[Start of Attachment]

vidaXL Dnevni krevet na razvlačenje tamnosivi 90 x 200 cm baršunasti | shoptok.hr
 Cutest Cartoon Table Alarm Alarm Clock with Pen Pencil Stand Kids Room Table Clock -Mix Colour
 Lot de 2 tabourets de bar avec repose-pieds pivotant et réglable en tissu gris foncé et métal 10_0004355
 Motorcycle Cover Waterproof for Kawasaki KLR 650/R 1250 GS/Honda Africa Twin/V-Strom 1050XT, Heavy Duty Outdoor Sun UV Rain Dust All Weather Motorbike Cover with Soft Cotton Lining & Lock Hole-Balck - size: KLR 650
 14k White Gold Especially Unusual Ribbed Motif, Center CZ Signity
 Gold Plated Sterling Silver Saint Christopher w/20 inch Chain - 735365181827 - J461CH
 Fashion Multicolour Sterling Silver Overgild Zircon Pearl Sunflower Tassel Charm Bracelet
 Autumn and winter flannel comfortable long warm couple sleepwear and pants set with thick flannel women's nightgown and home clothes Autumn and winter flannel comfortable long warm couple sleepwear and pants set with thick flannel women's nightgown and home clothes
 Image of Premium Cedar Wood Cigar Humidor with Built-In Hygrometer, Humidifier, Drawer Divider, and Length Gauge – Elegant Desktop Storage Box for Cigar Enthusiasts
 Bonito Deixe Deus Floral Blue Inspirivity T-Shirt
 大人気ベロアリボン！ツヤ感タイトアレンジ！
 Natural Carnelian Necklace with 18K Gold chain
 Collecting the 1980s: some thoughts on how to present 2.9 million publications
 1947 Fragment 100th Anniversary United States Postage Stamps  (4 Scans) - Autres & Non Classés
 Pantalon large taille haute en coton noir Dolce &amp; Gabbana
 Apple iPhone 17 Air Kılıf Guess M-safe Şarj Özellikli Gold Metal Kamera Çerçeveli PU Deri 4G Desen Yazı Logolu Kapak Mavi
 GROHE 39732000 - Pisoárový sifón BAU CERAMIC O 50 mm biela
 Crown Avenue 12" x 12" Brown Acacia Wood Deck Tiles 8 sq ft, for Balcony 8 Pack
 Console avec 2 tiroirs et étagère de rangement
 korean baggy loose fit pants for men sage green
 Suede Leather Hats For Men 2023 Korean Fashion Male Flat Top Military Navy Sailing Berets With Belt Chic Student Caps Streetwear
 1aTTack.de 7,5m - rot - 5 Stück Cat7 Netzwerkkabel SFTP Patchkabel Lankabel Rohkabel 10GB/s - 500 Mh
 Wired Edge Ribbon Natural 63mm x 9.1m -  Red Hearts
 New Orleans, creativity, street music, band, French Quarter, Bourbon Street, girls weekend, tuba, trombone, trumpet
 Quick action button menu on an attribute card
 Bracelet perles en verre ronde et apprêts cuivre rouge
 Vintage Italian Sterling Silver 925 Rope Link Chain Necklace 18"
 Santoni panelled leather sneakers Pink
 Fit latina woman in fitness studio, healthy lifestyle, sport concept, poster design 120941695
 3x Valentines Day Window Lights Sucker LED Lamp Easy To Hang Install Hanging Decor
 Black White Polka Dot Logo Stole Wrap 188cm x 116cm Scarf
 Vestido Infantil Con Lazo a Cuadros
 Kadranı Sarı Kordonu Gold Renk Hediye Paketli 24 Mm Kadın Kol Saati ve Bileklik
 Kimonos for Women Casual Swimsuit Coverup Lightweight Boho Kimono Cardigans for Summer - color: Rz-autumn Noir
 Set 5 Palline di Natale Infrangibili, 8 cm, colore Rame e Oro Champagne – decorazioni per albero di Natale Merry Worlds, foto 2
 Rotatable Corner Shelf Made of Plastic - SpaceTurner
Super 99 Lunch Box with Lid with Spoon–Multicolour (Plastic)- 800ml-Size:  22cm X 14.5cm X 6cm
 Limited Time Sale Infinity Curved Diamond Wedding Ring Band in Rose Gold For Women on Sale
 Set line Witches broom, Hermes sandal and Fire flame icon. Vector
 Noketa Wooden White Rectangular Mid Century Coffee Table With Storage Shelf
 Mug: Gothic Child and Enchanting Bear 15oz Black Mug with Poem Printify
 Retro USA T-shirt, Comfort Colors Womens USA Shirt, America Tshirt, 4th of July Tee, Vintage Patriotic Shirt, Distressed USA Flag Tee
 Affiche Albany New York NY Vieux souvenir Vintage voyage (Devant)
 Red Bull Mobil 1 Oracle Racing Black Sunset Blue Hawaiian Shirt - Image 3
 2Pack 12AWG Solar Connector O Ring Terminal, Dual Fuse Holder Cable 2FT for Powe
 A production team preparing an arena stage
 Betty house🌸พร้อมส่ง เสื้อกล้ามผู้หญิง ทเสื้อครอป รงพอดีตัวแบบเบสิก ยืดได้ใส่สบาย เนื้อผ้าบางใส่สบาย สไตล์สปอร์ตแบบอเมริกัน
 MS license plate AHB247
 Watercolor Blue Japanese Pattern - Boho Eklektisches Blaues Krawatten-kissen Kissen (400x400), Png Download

[End of Attachment]

Would you restate, word for word, every line of the listing from its first line through the line with "1947 Fragment 100th"?

vidaXL Dnevni krevet na razvlačenje tamnosivi 90 x 200 cm baršunasti | shoptok.hr
 Cutest Cartoon Table Alarm Alarm Clock with Pen Pencil Stand Kids Room Table Clock -Mix Colour
 Lot de 2 tabourets de bar avec repose-pieds pivotant et réglable en tissu gris foncé et métal 10_0004355
 Motorcycle Cover Waterproof for Kawasaki KLR 650/R 1250 GS/Honda Africa Twin/V-Strom 1050XT, Heavy Duty Outdoor Sun UV Rain Dust All Weather Motorbike Cover with Soft Cotton Lining & Lock Hole-Balck - size: KLR 650
 14k White Gold Especially Unusual Ribbed Motif, Center CZ Signity
 Gold Plated Sterling Silver Saint Christopher w/20 inch Chain - 735365181827 - J461CH
 Fashion Multicolour Sterling Silver Overgild Zircon Pearl Sunflower Tassel Charm Bracelet
 Autumn and winter flannel comfortable long warm couple sleepwear and pants set with thick flannel women's nightgown and home clothes Autumn and winter flannel comfortable long warm couple sleepwear and pants set with thick flannel women's nightgown and home clothes
 Image of Premium Cedar Wood Cigar Humidor with Built-In Hygrometer, Humidifier, Drawer Divider, and Length Gauge – Elegant Desktop Storage Box for Cigar Enthusiasts
 Bonito Deixe Deus Floral Blue Inspirivity T-Shirt
 大人気ベロアリボン！ツヤ感タイトアレンジ！
 Natural Carnelian Necklace with 18K Gold chain
 Collecting the 1980s: some thoughts on how to present 2.9 million publications
 1947 Fragment 100th Anniversary United States Postage Stamps  (4 Scans) - Autres & Non Classés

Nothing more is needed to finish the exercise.